Nice job. I don't know why your samples are not sufficient to calculate the bacterial per human cell parameter. Do they now have any/enough human reads mapped ?

You're right in that the docs are a bit unspecific on normalization, so I improved and extended them here with examples:

https://github.com/MHH-RCUG/nf_wochenende/wiki/Interpreting-Wochenende-output

Please let me know if that is sufficient for your needs.

I would really recommend using the raspir function to remove false positives, and the plotting functionality to check distribution of reads along 1+ chromosome before you decide if the taxon is present or not.

These do require extra work to get running, but at least the Raspir function should work quite well for the nf_wochnenende repo (with Nextflow). It likely will not work with the older Wochenende repo without some hacking to adjust it to your compute environment.

Maybe @irosenboom can also supply you with some experience of what constitutes a high or low RPMM, and how these values can be affected by especially short genome lengths etc.

cheers
Colin

[arpit20328]

@colindaven thanks

IMPORTANT: I chopped off Human Ref Sequences from wochenende recommended database since I was only interested in Pathogens identification and not human dna..

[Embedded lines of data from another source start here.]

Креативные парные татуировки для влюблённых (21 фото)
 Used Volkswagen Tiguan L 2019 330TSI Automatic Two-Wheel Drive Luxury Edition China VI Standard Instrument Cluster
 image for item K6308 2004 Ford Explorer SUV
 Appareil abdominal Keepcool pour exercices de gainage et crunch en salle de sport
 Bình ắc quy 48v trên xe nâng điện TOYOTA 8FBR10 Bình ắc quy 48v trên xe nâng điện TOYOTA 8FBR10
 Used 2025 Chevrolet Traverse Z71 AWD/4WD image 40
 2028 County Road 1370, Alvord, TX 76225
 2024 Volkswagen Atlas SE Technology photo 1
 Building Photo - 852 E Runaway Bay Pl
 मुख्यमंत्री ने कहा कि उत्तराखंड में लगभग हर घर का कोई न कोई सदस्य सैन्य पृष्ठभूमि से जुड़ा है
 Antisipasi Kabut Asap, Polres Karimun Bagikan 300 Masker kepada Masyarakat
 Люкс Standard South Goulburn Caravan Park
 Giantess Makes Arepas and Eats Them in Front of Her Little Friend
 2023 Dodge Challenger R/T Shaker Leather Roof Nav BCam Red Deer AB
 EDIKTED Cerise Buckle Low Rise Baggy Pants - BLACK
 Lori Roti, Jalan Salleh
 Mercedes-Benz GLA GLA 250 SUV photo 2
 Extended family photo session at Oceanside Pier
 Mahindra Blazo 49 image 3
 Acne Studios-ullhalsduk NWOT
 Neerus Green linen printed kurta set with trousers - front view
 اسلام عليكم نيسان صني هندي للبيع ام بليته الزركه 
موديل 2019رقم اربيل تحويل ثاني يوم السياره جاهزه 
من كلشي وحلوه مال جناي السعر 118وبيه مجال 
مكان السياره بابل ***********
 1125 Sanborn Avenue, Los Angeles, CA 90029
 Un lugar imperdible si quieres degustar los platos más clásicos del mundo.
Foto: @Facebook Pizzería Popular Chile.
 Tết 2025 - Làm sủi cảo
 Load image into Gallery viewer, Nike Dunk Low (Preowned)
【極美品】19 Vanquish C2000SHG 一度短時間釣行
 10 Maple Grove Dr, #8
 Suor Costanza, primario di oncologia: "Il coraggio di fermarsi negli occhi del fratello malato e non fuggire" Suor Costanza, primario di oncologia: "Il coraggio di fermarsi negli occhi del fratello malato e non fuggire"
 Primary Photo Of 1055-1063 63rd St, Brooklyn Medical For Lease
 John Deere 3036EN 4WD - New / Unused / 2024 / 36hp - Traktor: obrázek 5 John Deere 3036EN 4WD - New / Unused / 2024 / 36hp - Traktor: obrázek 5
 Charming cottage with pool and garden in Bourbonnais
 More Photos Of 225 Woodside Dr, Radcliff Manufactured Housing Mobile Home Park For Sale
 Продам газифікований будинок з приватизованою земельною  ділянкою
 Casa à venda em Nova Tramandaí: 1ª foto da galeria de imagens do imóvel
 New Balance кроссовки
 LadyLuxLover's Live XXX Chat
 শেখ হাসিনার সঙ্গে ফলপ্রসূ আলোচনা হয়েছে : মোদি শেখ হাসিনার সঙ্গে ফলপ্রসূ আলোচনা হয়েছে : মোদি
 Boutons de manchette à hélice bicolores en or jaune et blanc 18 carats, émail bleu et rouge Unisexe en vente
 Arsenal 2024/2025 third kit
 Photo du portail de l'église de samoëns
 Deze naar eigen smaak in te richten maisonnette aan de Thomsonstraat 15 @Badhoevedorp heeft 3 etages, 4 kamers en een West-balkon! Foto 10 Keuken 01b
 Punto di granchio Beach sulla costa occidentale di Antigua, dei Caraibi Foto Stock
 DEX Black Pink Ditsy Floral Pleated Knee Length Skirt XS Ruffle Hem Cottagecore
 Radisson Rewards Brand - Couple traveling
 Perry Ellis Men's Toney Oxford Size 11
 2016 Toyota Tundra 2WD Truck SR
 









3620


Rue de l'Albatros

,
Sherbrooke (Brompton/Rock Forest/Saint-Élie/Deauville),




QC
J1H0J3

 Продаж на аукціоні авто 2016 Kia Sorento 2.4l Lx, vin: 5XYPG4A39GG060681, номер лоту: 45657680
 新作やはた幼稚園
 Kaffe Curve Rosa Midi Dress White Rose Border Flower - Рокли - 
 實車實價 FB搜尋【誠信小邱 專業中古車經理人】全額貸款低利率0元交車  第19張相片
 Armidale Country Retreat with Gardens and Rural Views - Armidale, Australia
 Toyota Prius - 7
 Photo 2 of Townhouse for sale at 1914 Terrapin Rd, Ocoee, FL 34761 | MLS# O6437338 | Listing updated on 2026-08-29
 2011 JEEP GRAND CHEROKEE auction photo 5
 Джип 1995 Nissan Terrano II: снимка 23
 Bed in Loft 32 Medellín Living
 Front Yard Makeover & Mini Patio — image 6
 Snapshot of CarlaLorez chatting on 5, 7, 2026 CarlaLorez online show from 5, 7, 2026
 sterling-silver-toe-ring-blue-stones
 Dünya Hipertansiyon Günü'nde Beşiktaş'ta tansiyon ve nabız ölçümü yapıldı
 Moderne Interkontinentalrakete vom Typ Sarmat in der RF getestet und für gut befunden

I think i should have taken complete wochenende database ref fasta.

Your thoughts?

[colindaven]

IMPORTANT: I chopped off Human Ref Sequences from wochenende recommended database since I was only interested in Pathogens identification and not human dna..

Ah -- please don't do this. You'll get human reads massively and erroneously mapping to bacteria and have many, many false positives.
The human sequences are there to filter out the human DNA. Similarly, when we did mouse skin or gut metagenomes, we added the mouse genome to allow the mouse reads to be mapped to their true origin, and filtered out.

In clinical samples 90-99% of DNA is human in my experience, and needs to be excluded.

When using the proper version with the human sequences you'll get very, very different results.